_Brief_. Each entry below must be written out exactly, with pictures left out.

_Material supplied_.
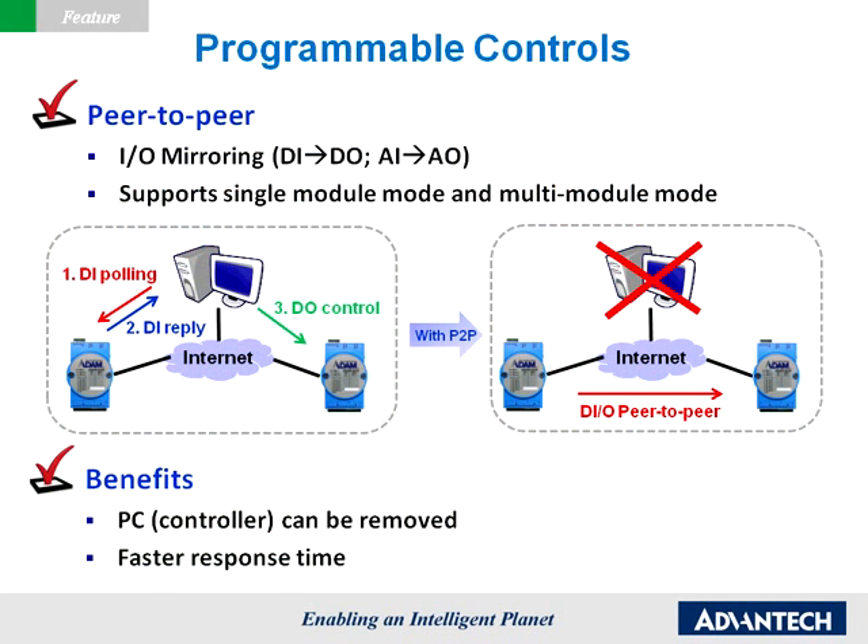Programmable controls: Peer-to-Peer. Unlike the traditional master-client mode, peer-to-peer-enabled modules actively update the input channel status to specific output channels. Without dealing with the trouble of long-distance wiring, users can define the mapping between a pair of modules and then input values are actively transferred to the output channel. Peer-to-peer simplifies the process and speeds up the reaction time of the I.O. control, and no controller is required for some simple applications.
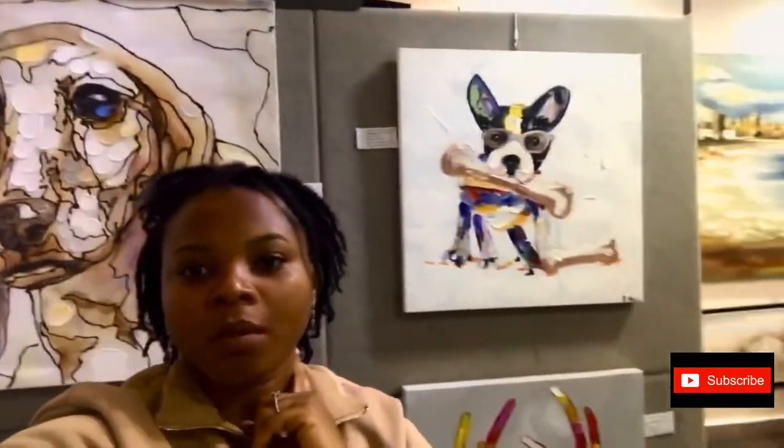One thing I learned about these art pieces is that there's something called mixed media — I had never heard about it before. Mixed media means the use of different elements in an artwork, like the use of oil paint combined with bamboo, wires, or any of those sorts of elements.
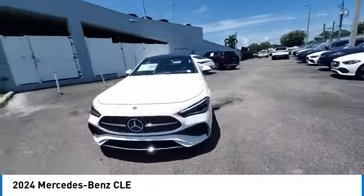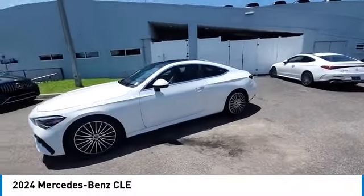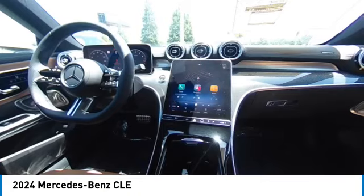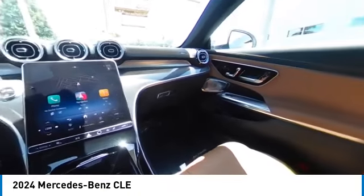Here are some of this vehicle's great options: rain-sensing wipers, heated mirrors, alloy wheels, rear spoiler, brake assist, remote keyless entry, speed control, four-wheel disc brakes, rear fog light, and integrated turn signal mirrors.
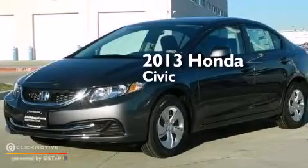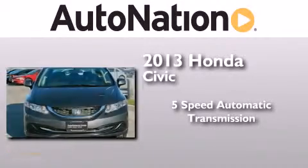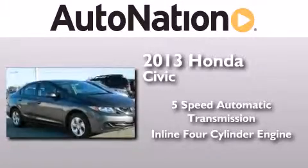This is a brand new 2013 Honda Civic. This car has a five-speed automatic transmission and an inline four-cylinder engine.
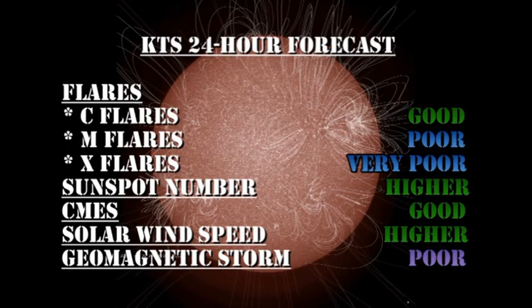My forecast for the next 24 hours is that the chance of getting C flares is good — I just took a sneak peek at the GOES X-ray plot and there's a second C flare underway, so that prediction is already correct. But the chance of getting M and X flares is still relatively poor. The sunspot number will go higher with all these new regions emerging. We've still got a very good chance of getting coronal mass ejections. The solar wind speed may ease higher with this coronal hole coming into play, but the chance of a major geomagnetic storm in the next 24 hours is quite poor.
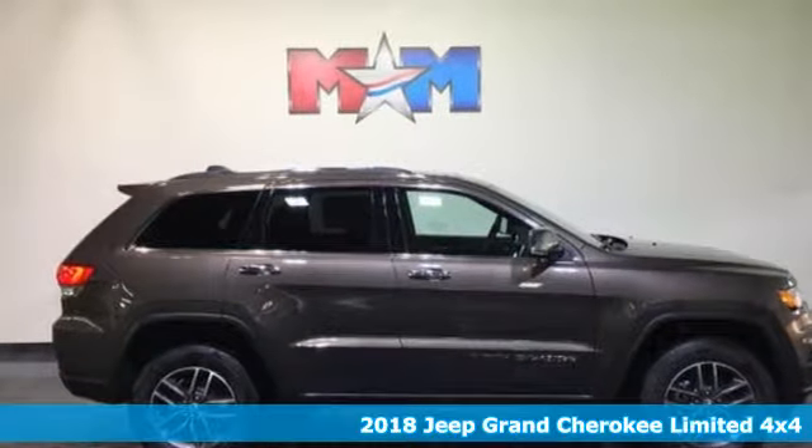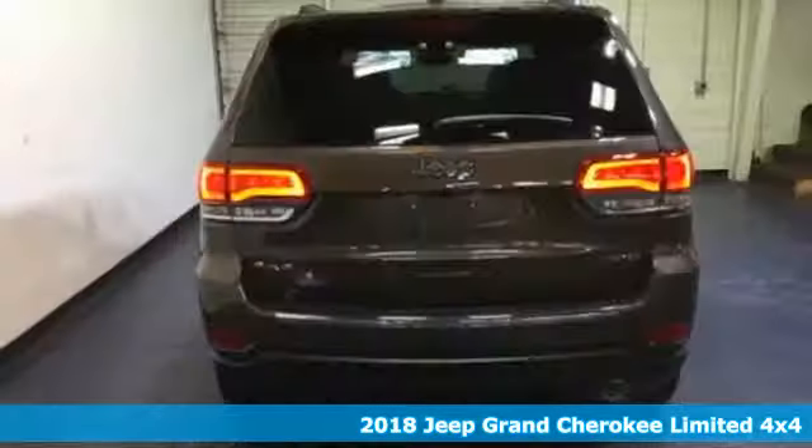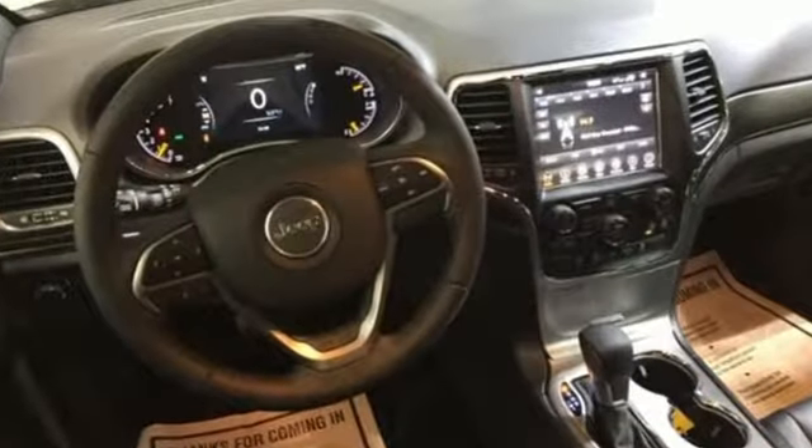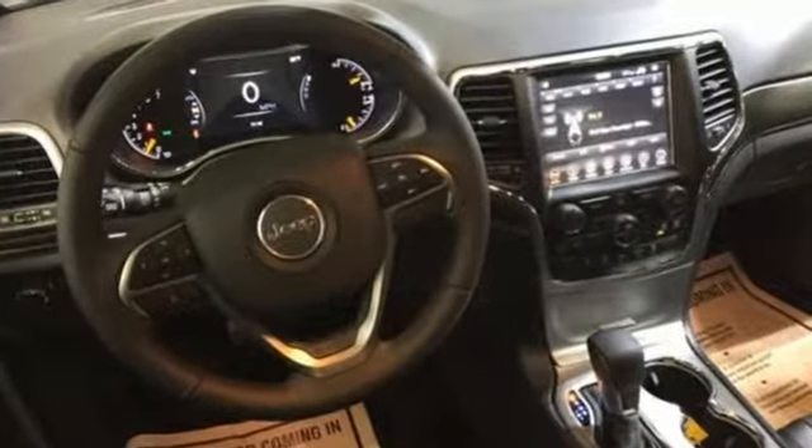Here's a 2018 Jeep Grand Cherokee. The Grand Cherokee has received so many awards, thanks in part to its fuel economy and off-road capability. Keyless Enter and Go starts the journey, and no matter your destination, luxury and elegance follows along with you.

_Output below_.
Programmable controls: Peer-to-Peer. Unlike the traditional master-client mode, peer-to-peer-enabled modules actively update the input channel status to specific output channels. Without dealing with the trouble of long-distance wiring, users can define the mapping between a pair of modules and then input values are actively transferred to the output channel. Peer-to-peer simplifies the process and speeds up the reaction time of the I.O. control, and no controller is required for some simple applications.
One thing I learned about these art pieces is that there's something called mixed media — I had never heard about it before. Mixed media means the use of different elements in an artwork, like the use of oil paint combined with bamboo, wires, or any of those sorts of elements.
Here are some of this vehicle's great options: rain-sensing wipers, heated mirrors, alloy wheels, rear spoiler, brake assist, remote keyless entry, speed control, four-wheel disc brakes, rear fog light, and integrated turn signal mirrors.
This is a brand new 2013 Honda Civic. This car has a five-speed automatic transmission and an inline four-cylinder engine.
My forecast for the next 24 hours is that the chance of getting C flares is good — I just took a sneak peek at the GOES X-ray plot and there's a second C flare underway, so that prediction is already correct. But the chance of getting M and X flares is still relatively poor. The sunspot number will go higher with all these new regions emerging. We've still got a very good chance of getting coronal mass ejections. The solar wind speed may ease higher with this coronal hole coming into play, but the chance of a major geomagnetic storm in the next 24 hours is quite poor.
Here's a 2018 Jeep Grand Cherokee. The Grand Cherokee has received so many awards, thanks in part to its fuel economy and off-road capability. Keyless Enter and Go starts the journey, and no matter your destination, luxury and elegance follows along with you.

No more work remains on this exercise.